In July last year, Ben & Jerry’s announced a boycott of the “Occupied Palestinian Territory,” but the decision is likely to operate as a de facto boycott of the whole of Israel because of anti-discrimination laws in Israel.
Unilever has been at pains to reconcile its own corporate governance with the terms of the deal under which it acquired Ben & Jerry’s, which gave the independent board of the ice cream giant the ability to make its own decisions about its “social mission”. It has pursued a distancing strategy. More delicately, and to use a Paltrowian neologism, Unilever has been desperately trying to consciously uncouple itself from its own subsidiary, at least in the minds of the public. If this is to give the impression that Ben and Jerry’s is not a home-grown company made in the Unilever mould, but an adopted enfant terrible with a free spirit, it is an artificial distinction of the first order. It is desperate stuff.

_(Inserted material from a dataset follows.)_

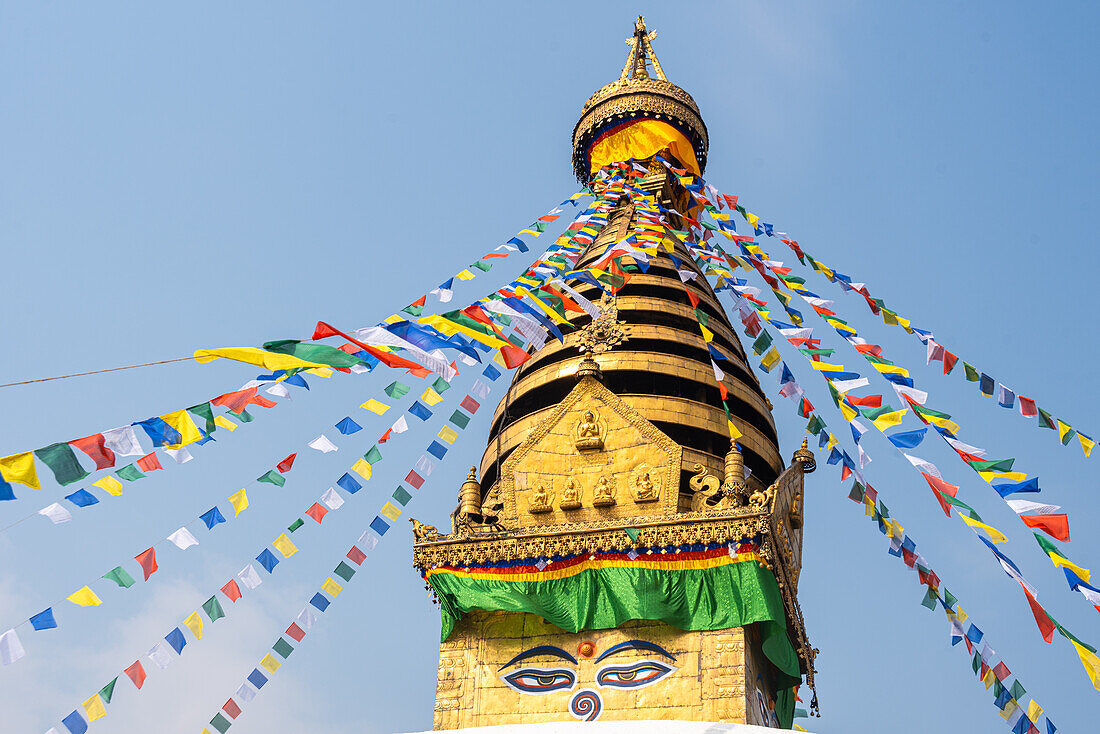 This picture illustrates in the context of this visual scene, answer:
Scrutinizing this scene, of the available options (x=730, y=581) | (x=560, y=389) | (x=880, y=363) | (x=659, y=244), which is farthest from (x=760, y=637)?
(x=659, y=244)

In several senses, there is no such thing as an independent subsidiary. It is an oxymoron. Ben and Jerry’s may be a separate legal entity and have a different board, but it does not operate in a vacuum. It belongs to Unilever. Its profits don’t stay where they are made; they flow up to Unilever shareholders. Most relevant, it does not operate unconstrained; it remains subject to Unilever’s group risk management policies. “While you live in our house, you’ll live by our rules,” so said every parent with a sixteen year-old.
Against that backdrop, investors must ask themselves if the arrangements between Unilever and Ben and Jerry’s can continue without regard to continuing adverse reputational, financial, regulatory, and legal consequences. There are only two answers, neither of which does favours for its share price.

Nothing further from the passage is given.